# Pregnancy and Groin Pains



## Johnnie (Apr 16, 2008)

There's another post on this but I couldn't find it. Anyway, I'm 5 1/2 months and this past week I have been feeling pains in my groin. Not just there but also my butt bone area. Of course, I called the Dr. and now I'm just waiting for a call back. Seems like it doesn't matter what I do. As long as, I use those muscles to either, sit, walk, crouch, etc...it hurts! I'm sure it's normal but you never know. The last time I thought a pain was normal, I ended up in the ER having surgery, baby in tow. I guess what I'm asking is if anyone has had a familiar pain in that region. Thanks in advance for your posts, they're greatly appreciated


----------



## Adrienne (Apr 16, 2008)

The one pain I remember starting at that time was the baby literally hitting down causing a sharp pain in that area.

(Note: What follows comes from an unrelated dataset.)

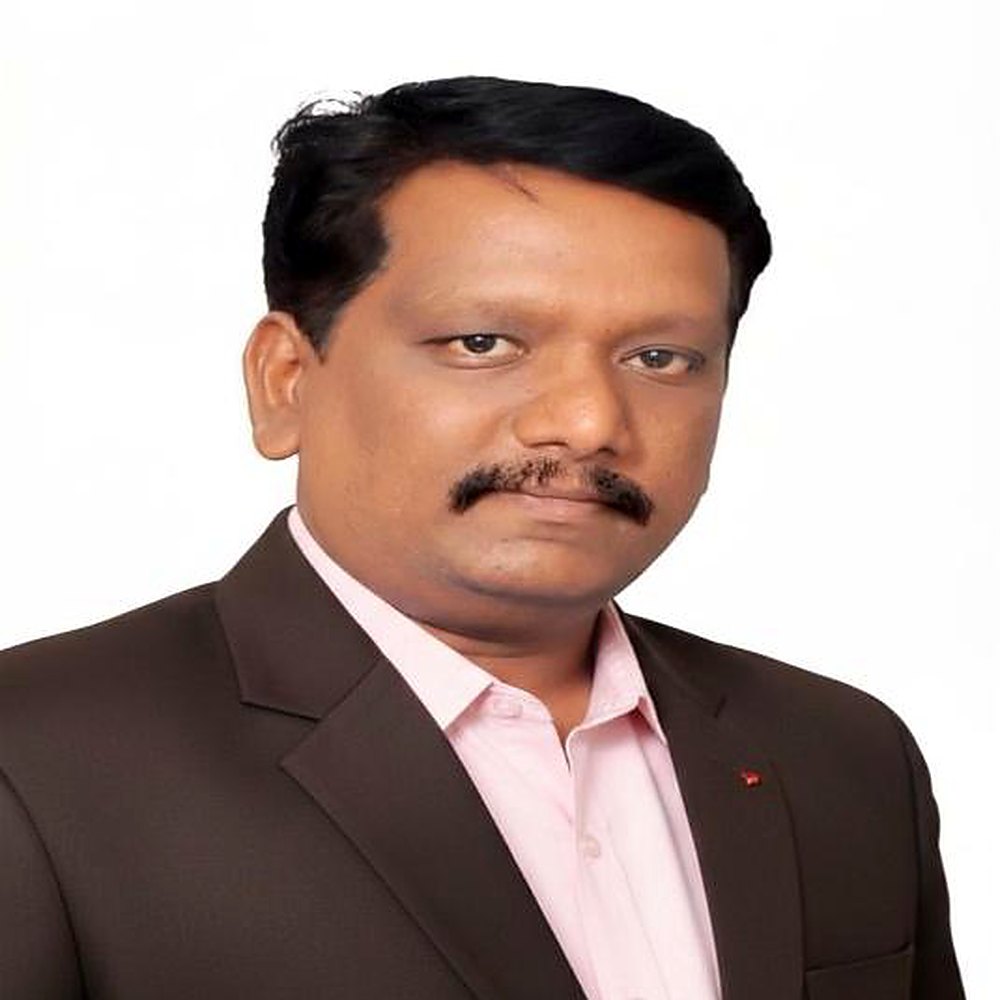 Portrait of Senthil Muthu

But if you've had problems like this before I highly suggest you go to the doctor asap. You don't want to take a risk this early into the pregnancy.


----------



## nanzmck (Apr 16, 2008)

when i was pregnant with my first, it was hard for me to get off of the couch, because there was this pulling in my groin, which kind of felt like i was doing the splits. that's not exactly it, but it's hard to describe that feeling. i also could not sit in chairs for more than a few minutes, because my tail bone would hurt and almost throb. this went away as i got further into my pregnancy. i also felt this with my second baby, but not as much. with my third i didnt get that feeling at all.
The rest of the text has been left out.